The former Canisius High School hoops star has gone from co-New York State Player of the Year, to prep school, to junior college – a trek that has tested his patience in hopes of landing a Division 1 scholarship.
It’s been a long journey of 1 a.m. ice baths, crack-of-dawn shootarounds and hearing coaches say the word “interested” but not making an offer.
Three years after guiding the Crusaders to a state championship and then a federation crown, Reed is blossoming into a JUCO star at Niagara County Community College and has college coaches keeping tabs on him.
“There’s been some long nights,” said Reed, a 6-2 guard who made first-team All WNY in 2015. “Some nights where I thought to myself, ‘You’re not a Division 1 talent.’ But now, I’m seeing it pay off slowly and surely as more schools come out and see us play and contact me or [NCCC] coach [Bill] Beilein.”
In his freshman year at NCCC, Reed came off the bench as the Thunderwolves won a regional championship for the first time in nearly 40 years. A year later, he’s the straw that stirs the drink on a team that’s made up of 10 freshmen.

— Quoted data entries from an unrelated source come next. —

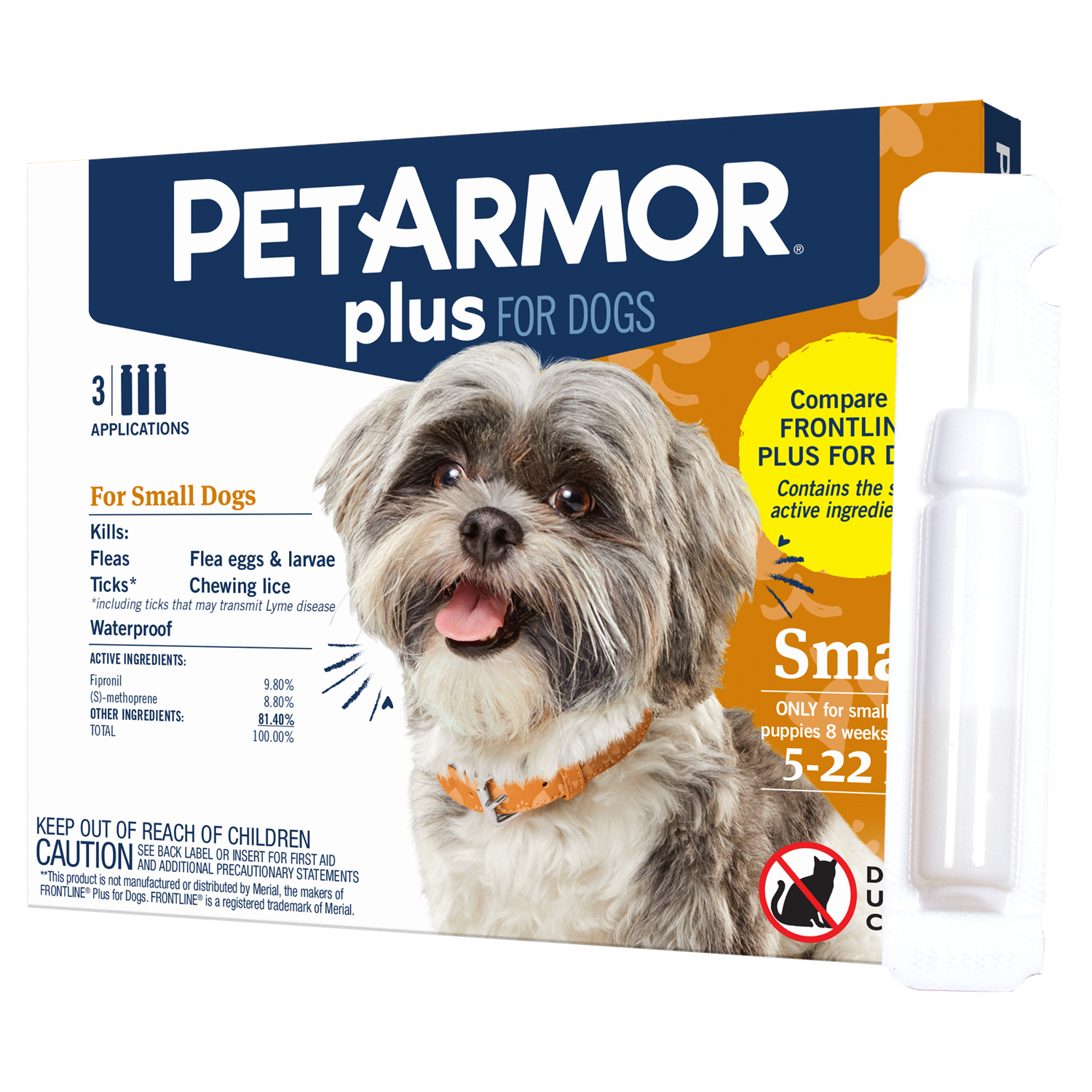 slide 4 of 4, PetArmor Plus F&T SO Dog 5-22LB 3CT, 3 ct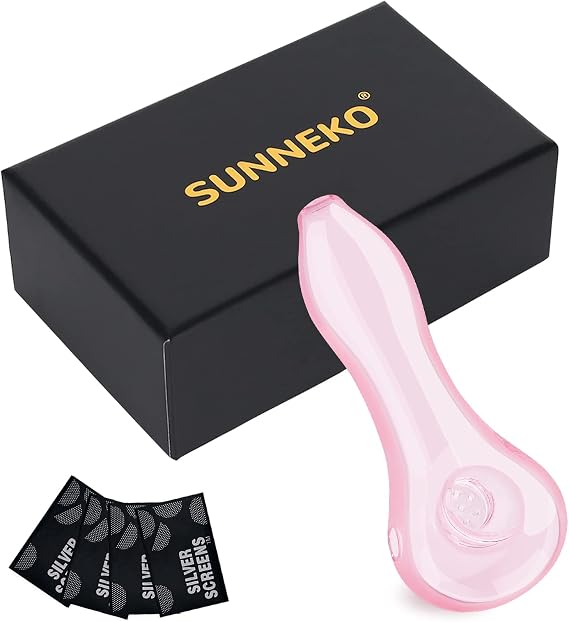 Glass Pipe, 7 Holes Pipe Bowl Thick and Heat Insulated, Purely Handmade, Heat-Resistant, Odorless, Small and Portable, Beautifully Packaged Gift, Pink, 11 cm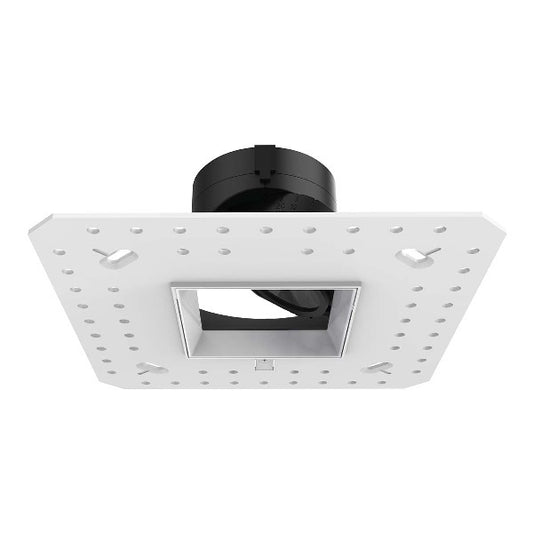 WAC R2ASAL-F827-WT 2" Square Adjustable Trimless Housing, Damp Location, 40 Degrees Beam Spread, 85 CRI, 2700K, White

“He was forced to play a different role last year – he was out of his comfort zone,” said Beilein, who is the nephew of Michigan men's basketball coach John Beilein. “This year, he’s been able to step in and be a leader for all these news guys. He’s improved a lot of aspects of his game. He’s a much stronger player now. Some of that physical strength has allowed him to finish better.”
Reed’s scoring average has jumped from 7.6 as a freshman to 19.1 ppg this season. He went from shooting 30 percent from the 3-point line to a 41 percent clip, which is part of the transformation he’s made at the JUCO level.
“The 3-point shooting threat has been one of the major changes in his game," Beilein said. "He’s always been able to drive and get to the free throw line, now he’s really added outside shooting to his game. He could be approaching a 50-40-90 type of year with field goal percentage, 3-point percentage and free throw percentage. That’s a great club to be in.”
Reed is the complete point guard Division 1 coaches drool over, but out of high school, only Niagara University came calling with a scholarship offer. After a mulling over a difficult decision, Reed chose to go to prep school and play at Salisbury in Connecticut.
“It was a decision I made based on myself and how ready I thought I was to play Division 1 basketball,” Reed said. “I used a year of prep school to put on some weight and expand my skill set. Being in the middle of Connecticut, I really only had two options: go to class and work on my game. Then I came to NCCC, and am continuing to get better and better.
“Looking back now, I think I made the right decision no matter how much of a struggle it’s been at times.”
It’s a path that many of his high school buddies didn’t have to take.
Qadree Ollison and Josh Huffman are on football scholarships at Pittsburgh and Maine, respectively. Stafford Trueheart is making appearances on SportsCenter's top plays at Hofstra. Howard Washington is the first guard off the bench at Syracuse.
“I’m never jealous of those guys and I never think, ‘Man, that could be me,’ because I know it will be someday," Reed said. "I’m happy for them because I know how hard they’ve worked to get there and know what they’re capable of, but at the same time, they know what I’m capable of and know how much time I put in.”
You can find Reed checking in with those guys through a college dorm room essential almost as common as ramen noodles and cheap beer: NBA 2k18.
“It’s funny – Howard’s in Syracuse, Stafford’s in Long Island and I’m in Sanborn, but we all meet up on our 2K group chat and we’re hanging out and talking about how we’re doing,” Reed said.
Washington is already living Reed’s dream of playing Power 5 hoops, but he’s just as excited to see his friend he’s known since he was 6 reach the Division 1 level.
“He’s one of the hardest workers I know and it’s really exciting for me to see one of my closest childhood friends so close to achieving his lifetime goal that he’s been striving for,” Washington said. “He deserves it more than anyone.”
Reed and NCCC teammate Donel Cathcart (22.1 ppg), a Cardinal O’Hara alum, have formed one of the top backcourt duos in the region and Division I coaches have noticed. While neither has received an official offer, Reed says that Nichols State, Creighton, Southern University, Niagara, Robert Morris and Post University are among the many D-1 and D-2 programs that have shown interest.
“For me, I’m not going to play the waiting game anymore,” Reed said. “If I feel like it’s the right situation and a school offers me, and I feel like I can prosper as a player athletically and academically, I’m going to take in and not look back.”